Degree Granting Department

Liberal Studies

Major Professor

Andrew Berish, Ph.D.

Committee Member

Priscilla Brewer, Ph.D.

Committee Member

Stacy Holman Jones, Ph.D.

Keywords

art history, radical art, land art, earth art, postmodern art, ecology, deep ecology, ecofeminism, anarcha-feminist, feminism, cultural politics, social movements, New Social Movements, Environmental Movement, Direct Action, Nonviolence, Winnie Brienes, Noel Sturgeon, prefigurative politics, direct theory

Abstract

Twentieth century modernity has provoked multiple problems ranging from environmental degradation to human rights violations. Globally, diverse communities of people have organized to promote, not just reactive reforms, but a fundamental alteration of the foundational worldview underlying these issues. Radical activists committed their work to promoting an alternative ethos based on egalitarian, democratic, and ecologically-wise concepts. An array of methodologies emerged from these endeavors. More radical political groups focused on cultural tools to engage people in the construction of an alternative worldview. Radical activists utilized two forms of cultural politics: prefigurative politics, the physical presentation of an envisioned future and direct theory, the constant interaction between theory and practice.

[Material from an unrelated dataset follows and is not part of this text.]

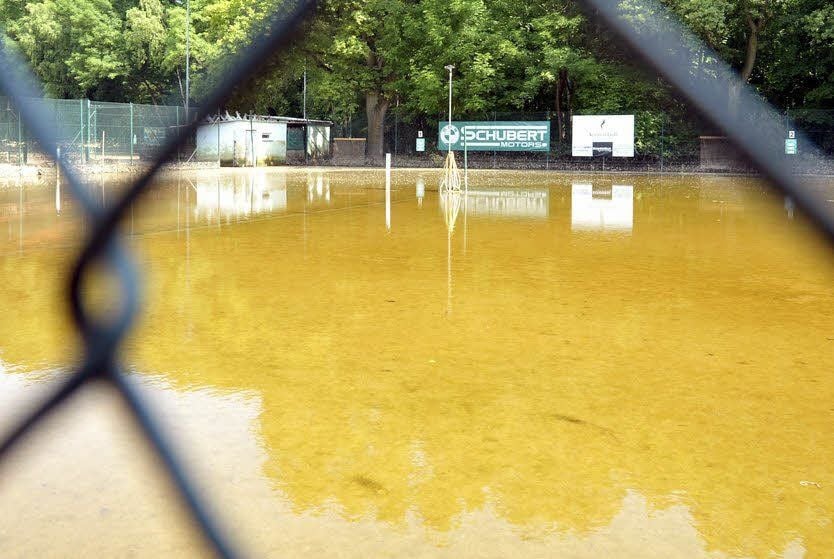 Der Tennisplatz stand wegen des Hochwassers vollständig unter Wasser.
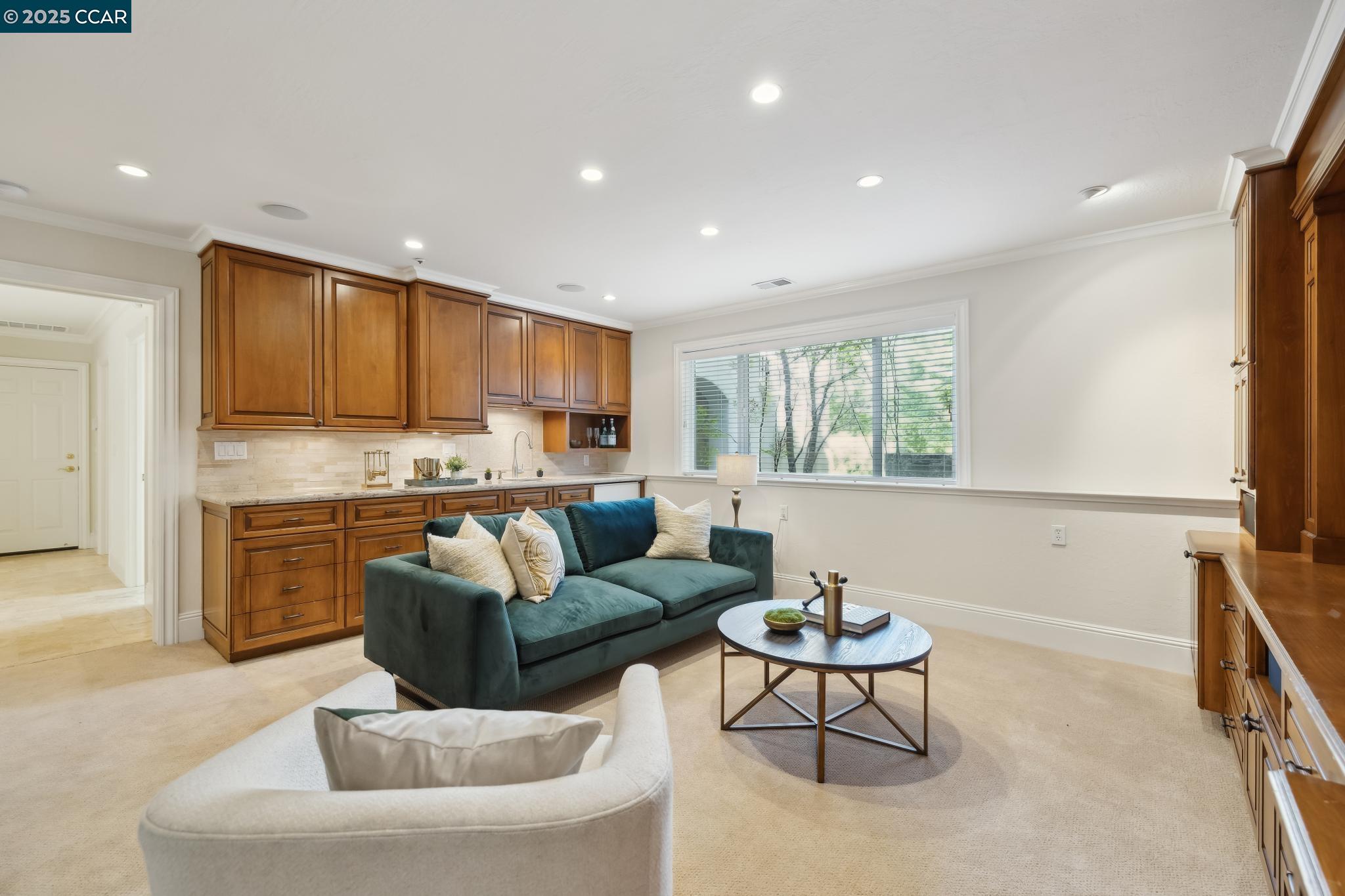 Detail Gallery Image 36 of 60 For 135 Dean Rd, Alamo,  CA 94507 - 6 Beds | 5/1 Baths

Within the artistic community, Ecological Artists centered their practice on cultural activism, creating publicly accessible, site-specific collaborative pieces that illuminate and utilize ecosystem principles to promote an eco-wise worldview.

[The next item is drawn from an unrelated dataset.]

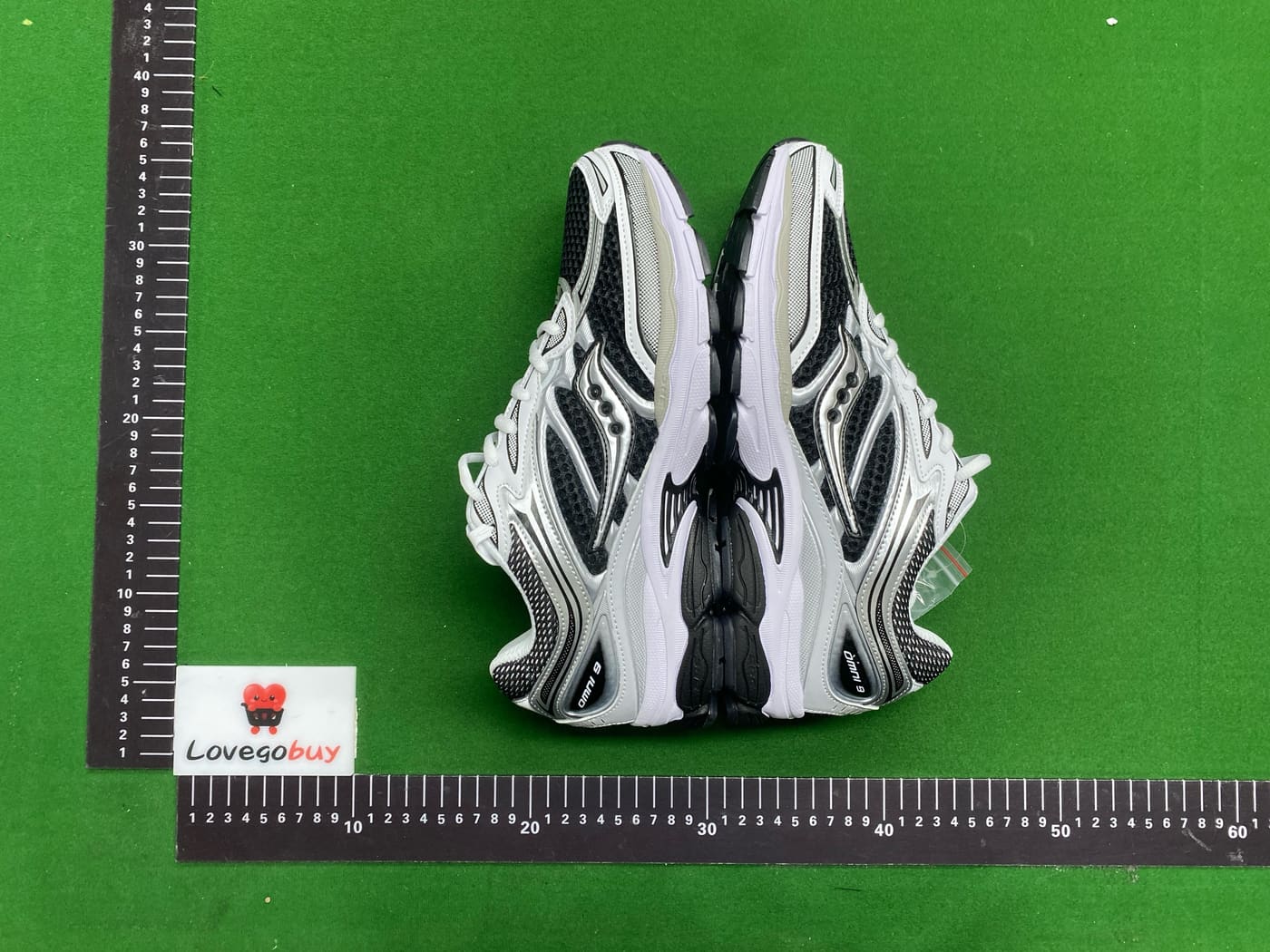 Paire Saucony ProGrid Omni 9 — QC 5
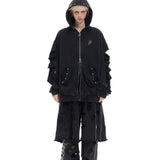 解体されたジップアップフーディ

The concept of utilizing cultural production as a method for achieving social transformation has only recently been analyzed within the social movement discipline. Artists rarely utilize social movement vocabulary, or the term "activism" to describe their practices. To date, no correlation between artistic production and social movement strategies has been made. I argue in this thesis that Ecological Artists are cultural activists who simultaneously developed strategies and methods similar to those being worked out by radical social movement activists. While prefigurative politics and direct theory are terms defined within social movement discipline, the cultural activities are similar. Political activists' internal organization and external political work, prefigurative of an envisioned future and the result of constant interaction between theory and practice, correlates to the necessary collaborative organizations of Eco-Art and the physical presence of the work, a manifestation of the constant interaction between ecosystem theory and artistic practice. In this thesis I analyze the work of Ecological Artist Ruth Wallen as a form of cultural activism. I argue that the intention, execution, and content of her work are forms of prefigurative politics and direct theory. Ruth Wallen has been practicing Eco-Art for twenty years. Her work is focused on the heart of Eco-Art, its intention to produce an eco-wise future through artistic practice.